ところで、勤労者の圧倒的多数がサラリーマンになり、生活パターンが夜行化したからだろうか、「早起きは三文の徳」という諺の影が薄くなった。若い世代にきいても、その意味はわからないであろう。
そんな時代になっても、まともに営農している農民の多くは早朝から働いている。体を酷使することが多いので早起きが辛い時もあるが、そうしないと農民は喰っていけないからである。
私は、研修に来る新規就農者にできるだけ早朝から働くように必ず勧める。どんなに知識があっても、どんなに体力があっても、早起きが苦手な人は挫折しやすい。重役出勤する新規就農者を地元の農民は相手にしない。「周りの人たちは君の作業が良いか悪いかなど見ていない。研修生が立派な成果など上げるはずがなく、地元の人はそんなこと十分わかっている。ただ、遠巻きに静観し、早朝から頑張っている姿に共感するだけなんだ。」とアドバイスする。
かく言う私も、もともとは夜型人間であった。

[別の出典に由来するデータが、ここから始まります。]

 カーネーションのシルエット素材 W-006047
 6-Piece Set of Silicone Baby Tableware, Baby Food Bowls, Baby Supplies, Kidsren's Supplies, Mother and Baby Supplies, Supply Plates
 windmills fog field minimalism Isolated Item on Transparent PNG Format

農薬を使う一般的な農業から農薬を使わない有機農業に転換した頃から、仕方なく朝型に変えてきた。だから、今でも早起きは辛い。
では、なぜ有機農業では早起きが不可欠なのか。いくつかの例を挙げて説明したい。まず、害虫の問題が一番の理由である。害虫の中でも、昆虫の被害を最小限に抑えるためには、早朝の種まきや苗の植え付けが有効なのである。なぜなら、それらの害虫は夜か暖かい時間帯にしか飛ばないため、早朝は比較的安全なのである。

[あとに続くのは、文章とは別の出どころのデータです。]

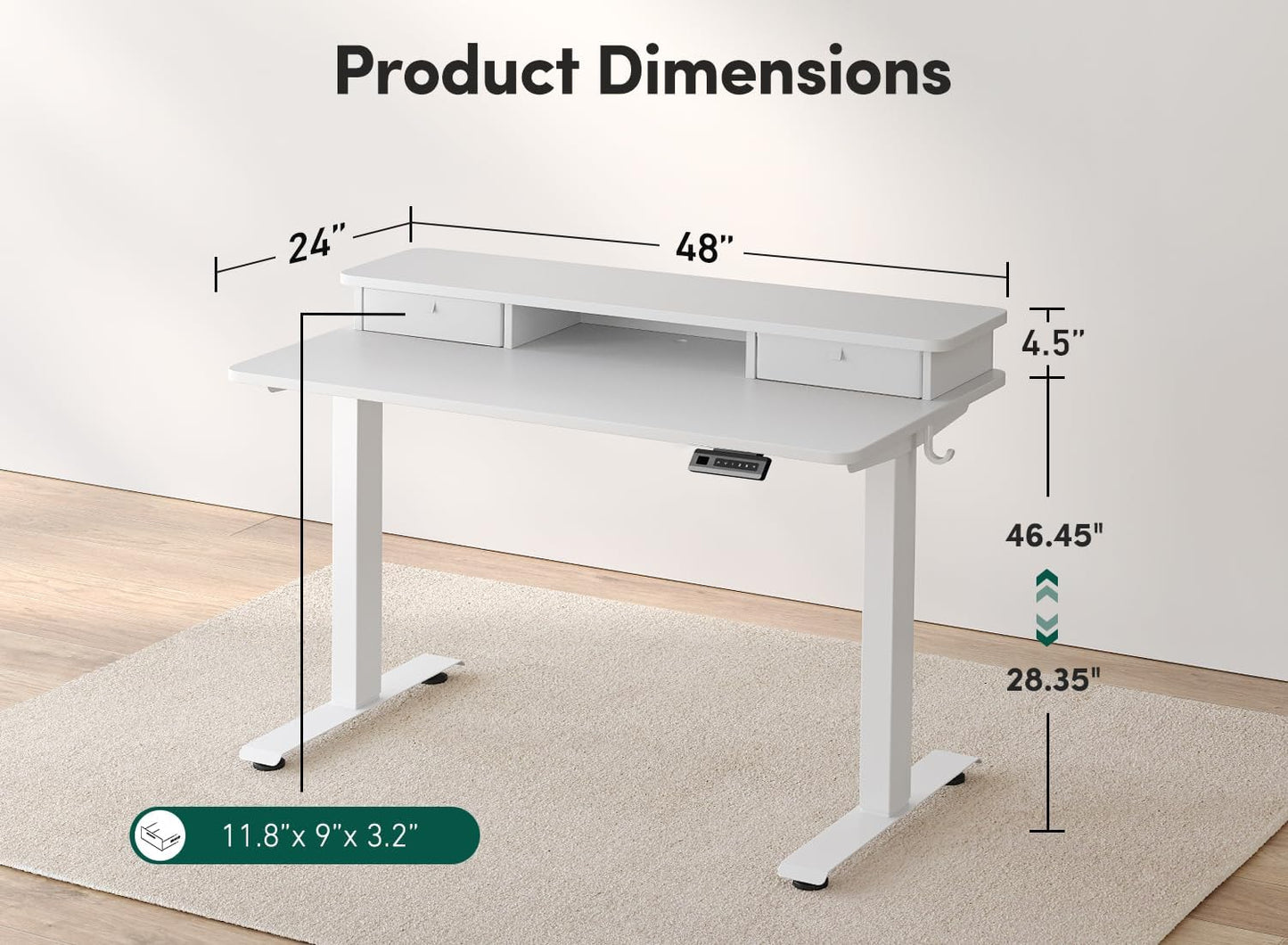 FEZIBO 48 x 24 Inch Height Adjustable Electric Standing Desk with Double Drawer, Computer Desk, Home Office Stand Up Table with 4 Height-Adjustable Feets & 2 Hooks, White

次の理由は天気の悪影響を最小限にすることである。特に雨の影響は日常的で、有機農業をしていると、雨の降る直前に行なう作業がいくつもある。したがって、まずは早朝に農場にいる方が何かと有利なのである。例えば、アブラ虫に付かれてしまった野菜を片付ける際、アブラ虫が地面にこぼれる。それを放置すると、周辺の作物に移動してしまうが、片付けた直後に軽く耕し、その後間もなくある程度の雨が降ればアブラ虫はほぼ完璧に駆逐できる。この作業を他の作業の合い間をぬって行なうには、やはり早起きが欠かせない。

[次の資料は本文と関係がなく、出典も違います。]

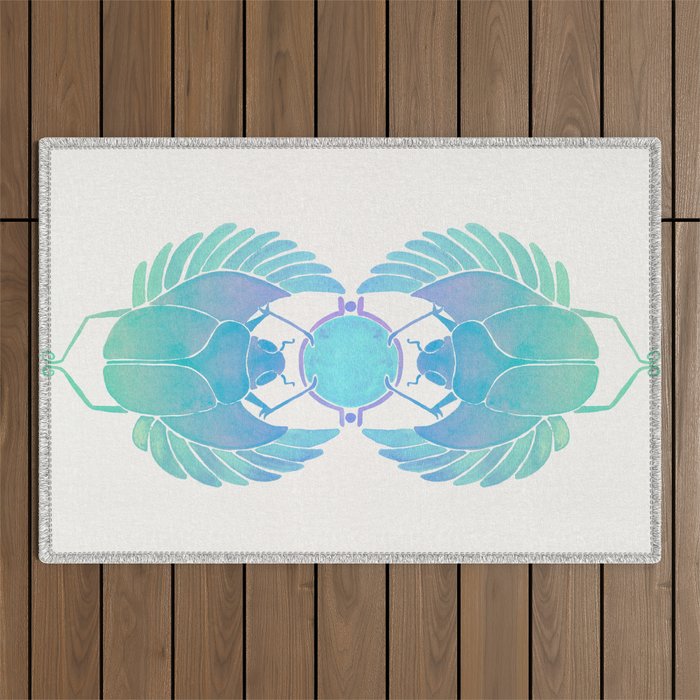 Egyptian Scarab - Turquoise OmbrÃ© Outdoor Rug Gallery Image 1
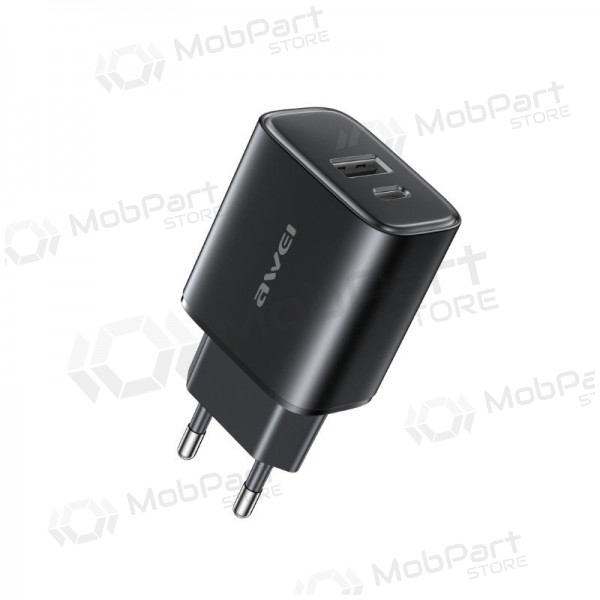 Telefoni laadija Awei PD85-EU 22.5 W USB-C + USB-A must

三つ目の理由は作業効率の関係である。第117話「日本の有機農産物はなぜ高いか」でも述べたように、日本の農地の一区画は非常に狭いため作業効率が良くない。加えて、一般的な栽培方法に比べ、有機栽培すると作業の種類が増えるため作業効率がさらに落ちてしまう。したがって、早朝から畑に出て作業時間を増やさないと、作業をこなせないのである。
このような現実から、有機農業を生業にする者にとっては、「早起きは三文の徳」以上に、絶対条件と言っても過言ではない。